A great primer on Derivatives from Sepetmber 30

Fortune magazine via money.cnn.com via Elaine Supkis:

The $55 trillion dollar question

The financial crisis has put a spotlight on the obscure world of credit default swaps - which trade in a vast, unregulated market that most people haven't heard of and even fewer understand. Will this be the next disaster?

By Nicholas Varchaver, senior editor and Katie Benner, writer-reporter
Last Updated: September 30, 2008: 12:28 PM ET
(Fortune Magazine) -- As Congress wrestles with another bailout bill to try to contain the financial contagion, there's a potential killer bug out there whose next movement can't be predicted: the Credit Default Swap.

In just over a decade these privately traded derivatives contracts have ballooned from nothing into a $54.6 trillion market. CDS are the fastest-growing major type of financial derivatives. More important, they've played a critical role in the unfolding financial crisis. First, by ostensibly providing "insurance" on risky mortgage bonds, they encouraged and enabled reckless behavior during the housing bubble.

"If CDS had been taken out of play, companies would've said, 'I can't get this [risk] off my books,'" says Michael Greenberger, a University of Maryland law professor and former director of trading and markets at the Commodity Futures Trading Commission. "If they couldn't keep passing the risk down the line, those guys would've been stopped in their tracks. The ultimate assurance for issuing all this stuff was, 'It's insured.'"

Second, terror at the potential for a financial Ebola virus radiating out from a failing institution and infecting dozens or hundreds of other companies - all linked to one another by CDS and other instruments - was a major reason that regulators stepped in to bail out Bear Stearns and buy out AIG (AIG, Fortune 500), whose calamitous descent itself was triggered by losses on its CDS contracts (see "Hank's Last Stand").

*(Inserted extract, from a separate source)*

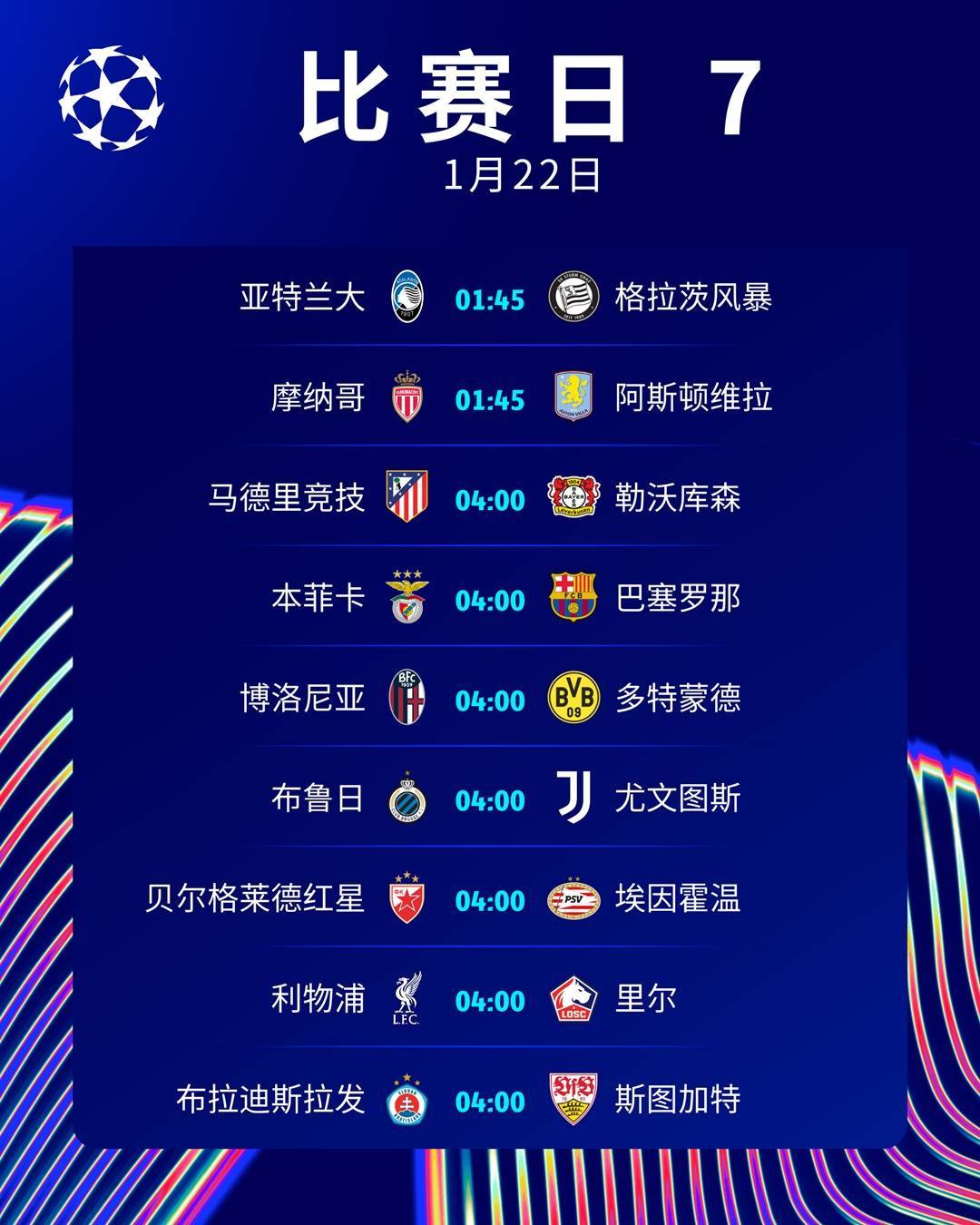 利物浦遭遇惨败,欧冠资格岌岌可危的简单介绍 利物浦遭遇惨败,欧冠资格岌岌可危的简单介绍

And the fear of a CDS catastrophe still haunts the markets. For starters, nobody knows how federal intervention might ripple through this chain of contracts. And meanwhile, as we'll see, two fundamental aspects of the CDS market - that it is unregulated, and that almost nothing is disclosed publicly - may be about to change. That adds even more uncertainty to the equation.

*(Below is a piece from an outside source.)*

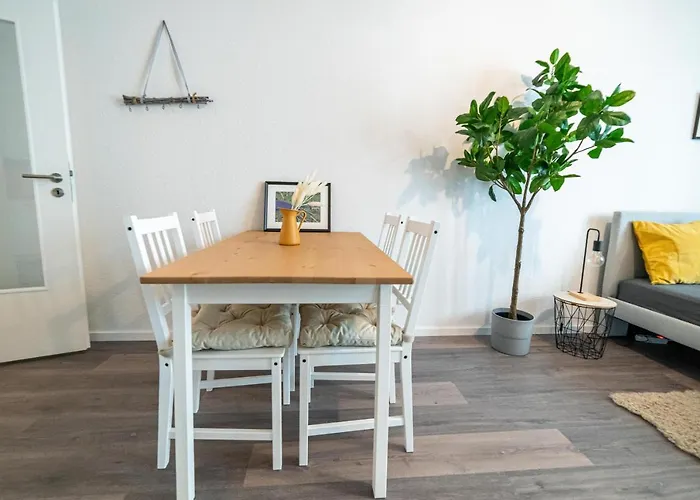 Fullhouse - - A6 - Washing Machine - Terrace - Nespresso 公寓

"The big problem is that here are all these public companies - banks and corporations - and no one really knows what exposure they've got from the CDS contracts," says Frank Partnoy, a law professor at the University of San Diego and former Morgan Stanley derivatives salesman who has been writing about the dangers of CDS and their ilk for a decade. "The really scary part is that we don't have a clue." Chris Wolf, a co-manager of Cogo Wolf, a hedge fund of funds, compares them to one of the great mysteries of astrophysics: "This has become essentially the dark matter of the financial universe."

***

AT FIRST GLANCE, credit default swaps don't look all that scary. A CDS is just a contract: The "buyer" plunks down something that resembles a premium, and the "seller" agrees to make a specific payment if a particular event, such as a bond default, occurs. Used soberly, CDS offer concrete benefits: If you're holding bonds and you're worried that the issuer won't be able to pay, buying CDS should cover your loss. "CDS serve a very useful function of allowing financial markets to efficiently transfer credit risk," argues Sunil Hirani, the CEO of Creditex, one of a handful of marketplaces that trade the contracts.

Because they're contracts rather than securities or insurance, CDS are easy to create: Often deals are done in a one-minute phone conversation or an instant message. Many technical aspects of CDS, such as the typical five-year term, have been standardized by the International Swaps and Derivatives Association (ISDA). That only accelerates the process. You strike your deal, fill out some forms, and you've got yourself a $5 million - or a $100 million - contract.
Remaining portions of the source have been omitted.